Keeping in Touch

DISCLAIMER! This was written in 1998!

Since Mick is the “computer nerd” and responsible for the technical stuff, this is mainly his “domain”, but Jenny will offer her comments from time to time (so what’s new?!?).

It has been an amazing experience, finding new technology (and old), figuring out what works and doesn’t, and what requires a mortgage or more to afford!

“Snail Mail”: We thought this was going to be a real problem! When you’ve been used to mail arriving every day, for your entire life, you may fear that it will feel as if the world has stopped, or you have just fallen off!

Escapees: The reality is wonderfully different. We joined the Escapees RV Club, an organization providing support services to all RVers, but especially full-timers. One of their services is mail forwarding. They provide a mail address at their headquarters in Livingston, Texas (see our home page). We give this address to everyone we know, and as often as we choose, we call Escapees and have them priority mail everything they have received to an address where we plan to be in about 3-4 days.

Receiving the mail this way it feels like Christmas once a week! We don’t really miss receiving mail every day, and life goes on just as well, if not better.

Escapees will sort your mail, identify and exclude “junk” mail, if you wish. They will even open and read a particular letter to you over the phone if is that important.

We really recommend joining Escapees; for full details check out their website below.

Telephone: After much trial and error we use one cellular phone: the NOKIA 6160 with AT&T One Rate Digital Plan gives us 1400 minutes/month for $149 and all calls are “local” … no roaming or long distance charges.

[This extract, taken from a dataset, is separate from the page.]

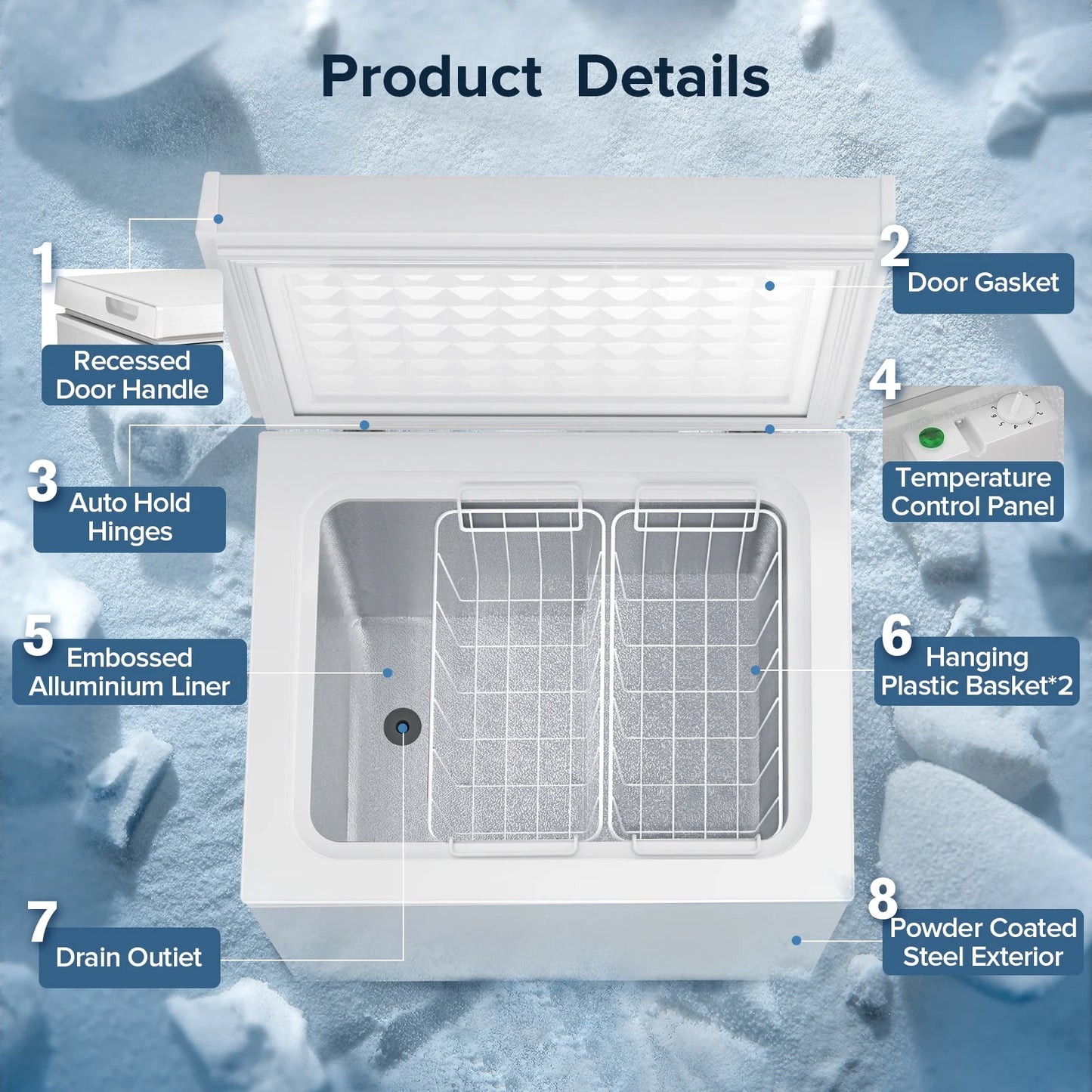 Auseo Mini Freezer Chest 3.5 cu ft,  Black Deep Freezer & Side Handle, Compact Freezer with 7 Gear Adjustable Temperature, Removable Storage Basket*2, Energy Saving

We heard recently, however, that AT&T are now restricting this service, so it may no longer be available to RVers like us — pity!

Fax: If, like us, you need to receive faxes on the road, there are now many solutions available. We use a free internet fax service — — which provides us with a phone number which can receive voicemail and/or fax messages. Messages received at this unique number are immediately forwarded to our email address. We then receive our faxes by email, and can download, view and print them or play voicemail messages using the Efax software provided (we don’t use the voicemail service as we already have a good system with our business).You may download Efax software and sign up at their website. Efax also supports fax sending, but we send faxes using WINFAX PRO software on our computer, through the modem and cellular phone, just like email.

A Visioneer “Paperport 6000” flatbed scanner completes our setup.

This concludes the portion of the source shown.